Marcel Sisniega Campbell

Personal information
- Born: July 28, 1959 Chicago, Illinois, United States
- Died: January 19, 2013 (aged 53) Coatepec, Veracruz, Mexico
- Children: 4, including Sofía Sisniega
- Relative: Ivar Sisniega (brother)

Chess career
- Country: Mexico
- Title: Grandmaster (1992)
- Peak rating: 2540 (July 1991)

= Marcel Sisniega Campbell =

Mexican chess grandmaster and film director (1959–2013

Marcel Sisniega Campbell (July 28, 1959 – January 19, 2013) was a Mexican chess Grandmaster and film director.

==Biography==
Sisniega was born in Chicago, United States, but grew up in Cuernavaca, Mexico. He earned the International Master title in 1978 and the Grandmaster title in 1992. Sisniega was a nine-time Mexican champion and three-time Carlos Torre Repetto Memorial winner. During his chess career he beat Viswanathan Anand, Artur Yusupov, Miguel Illescas and Jesús Nogueiras amongst others. He largely stopped playing after the early 1990s.
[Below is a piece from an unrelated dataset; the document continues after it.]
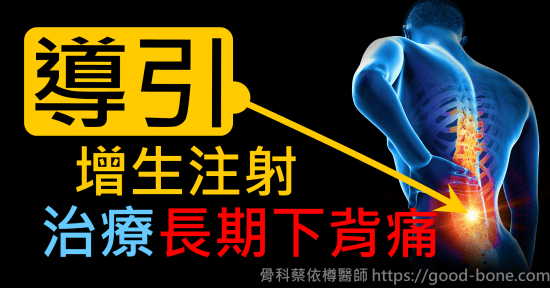 超音波導引葡萄糖增生注射治療長期慢性下背痛｜疼痛注射專家、超音波導引PRP增生治療、葡萄糖增生治療、專業骨科推薦｜台中骨科蔡依樽醫師https://good-bone.com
He was also a film writer and director. He is most recognized for his work in creating Libre de Culpas in 1997.

==Personal life and death==
His brother is modern pentathlete and politician Ivar Sisniega, and his daughter is Mexican-American actress Sofía Sisniega.

Sisniega died suddenly of a heart attack on January 19, 2013, in Coatepec, Veracruz.